4. Appareil selon la revendication 3, comprenant un moyen (64), communiquant avec
le moyen de détection (60), pour intégrer le signal provenant du moyen de détection.
5. Appareil selon la revendication 4, comprenant un circuit logique (66, 68), communiquant
avec le moyen d'intégration (64), pour traiter le signal provenant du moyen d'intégration
et transmettre un signal de commande au moyen de distribution (82) afin de réguler
le déchargement des particules de marquage dans le moyen de stockage (84) provenant
du moyen de distribution.
6. Appareil selon l'une quelconque des revendications 2 à 5, dans lequel le rouleau
de révélateur (22) comprend:
un élément tubulaire (22) monté en rotation afin d'acheminer les particules de marquage
jusqu'à un endroit étroitement contigu à l'image latente; et
un élément magnétique allongé (24) disposé à l'intérieur de l'élément tubulaire, en
étant espacé de celui-ci, afin d'attirer les particules de marquage vers lui.

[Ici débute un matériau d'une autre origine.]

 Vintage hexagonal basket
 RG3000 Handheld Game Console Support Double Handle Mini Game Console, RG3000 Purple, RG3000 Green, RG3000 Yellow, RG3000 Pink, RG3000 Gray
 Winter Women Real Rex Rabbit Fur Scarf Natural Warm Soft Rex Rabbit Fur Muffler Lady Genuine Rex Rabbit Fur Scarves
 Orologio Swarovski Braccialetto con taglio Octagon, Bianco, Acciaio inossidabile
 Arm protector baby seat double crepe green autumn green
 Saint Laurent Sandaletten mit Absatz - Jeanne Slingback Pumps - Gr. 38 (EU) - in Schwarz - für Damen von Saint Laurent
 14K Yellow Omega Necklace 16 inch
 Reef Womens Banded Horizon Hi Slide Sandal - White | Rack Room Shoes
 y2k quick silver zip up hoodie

7. Appareil selon la revendication 6, dans lequel le moyen de polarisation électrique
(62) comprend une source de tension couplée à l'élément tubulaire.
8. Machine d'impression électrophotographique du type comportant une image latente
électrostatique enregistrée sur une surface photoconductrice avec un révélateur constitué
d'au moins des granules d'un porteur ayant des particules de toner qui adhèrent tribo-électriquement
qui est avancé jusqu'à un endroit étroitement contigu à l'image latente de sorte que
les particules de toner attirées des granules du porteur à l'image latente, formant
une image en poudre de toner sur la surface photoconductrice, la machine comprenant
l'appareil de l'une quelconque des revendications 1 à 7.
9. Procédé de développement d'une image latente avec des particules de marquage, caractérisé
en ce qu'il comprend les étapes consistant à:
stocker une fourniture de particules de marquage dans un logement; et
acheminer des particules de marquage du logement sur un rouleau de révélateur jusqu'à
un endroit étroitement contigu à l'image latente de sorte que des particules de marquage
sont attirées vers l'image latente, caractérisé par les étapes consistant à:
détecter la charage des particules de marquage attirées vers l'image latente; et
distribuer des particules de marquage dans le logement en réponse à la charge détectée.
10. Procédé selon la revendication 9, comprenant les étapes consistant à polariser
électriquement le rouleau de révélateur, détecter le courant polarisant le rouleau
de révélateur, intégrer le signal représentatif du courant détecté polarisant le rouleau
de révélateur, traiter le signal intégré et transmettre un signal de commande pour
réguler la distribution des particules de marquage dans le logement.